Morelenbaum2/Sakamoto: Casa (Sony)
Vocals (Paula Morelenbaum), cello (Jaques Morelenbaum), and piano (Ryuichi Sakamoto) sound like an odd amalgam for bossa nova, but there’s a breezy elegance and gleaming polish to this 2002 collection. There are some guest musicians, but this trio are the unquestioned stars. They bring sumptuousness to the music without making it sound cloying. The best cuts are “Bonita” and “Estrada Branca,” with Paula sounding angelic. This CD was recorded in Jobim’s (1927-1994) house in Rio, and on a piano he owned. One can well imagine the master smiling down warmly on these fine musicians.
Francis Albert Sinatra & Antonio Carlos Jobim (Reprise)
In lists of the best Sinatra albums, this 1967 outing is seldom mentioned, but it deserves to be included. Ol’ Blue Eyes sings “Dindi” with sweet wistfulness, gracefully glides through “The Girl from Ipanema” (with Jobim himself chiming in on vocals), and gets to the tender heart of “Meditation” without wasting a note. Claus Ogerman’s arrangements and orchestrations are peerless.
The Girl from Ipanema: The Antonio Carlos Jobim Songbook (Verve)
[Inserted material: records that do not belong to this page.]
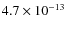 $4.7\times10^{-13}$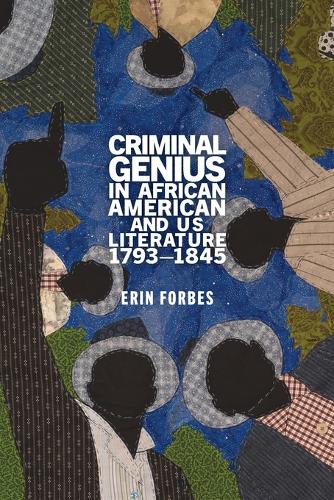 Criminal Genius in African American and US Literature, 1793-1845.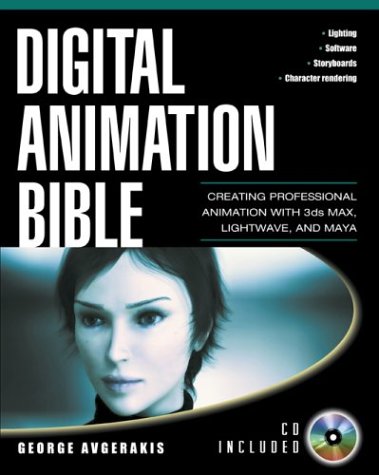 Digital Animation Bible Creating Professional Animation with 3ds Max, Lightwave, and Maya  2004 9780071414944 Front Cover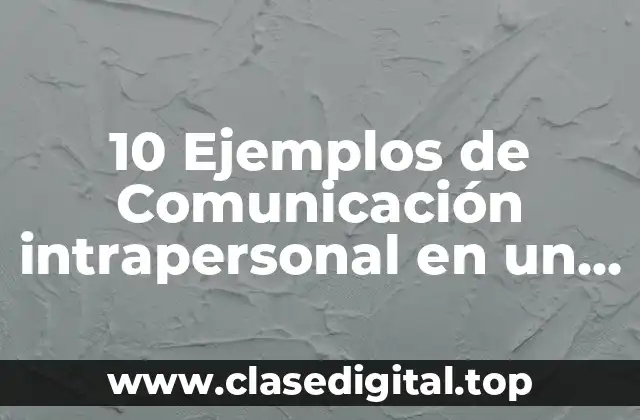 Ejemplos de comunicación intrapersonal en un museo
This collection features some top-notch jazz talent (Oscar Peterson, Shirley Horn, Stan Getz, Ella Fitzgerald), but the most satisfying selections feature the vocals of Astrud Gilberto, who manages to sound innocent and sophisticated at once. But you can’t ignore Getz’s tenor-sax stylings, or Peterson’s highly inventive take on “Wave.”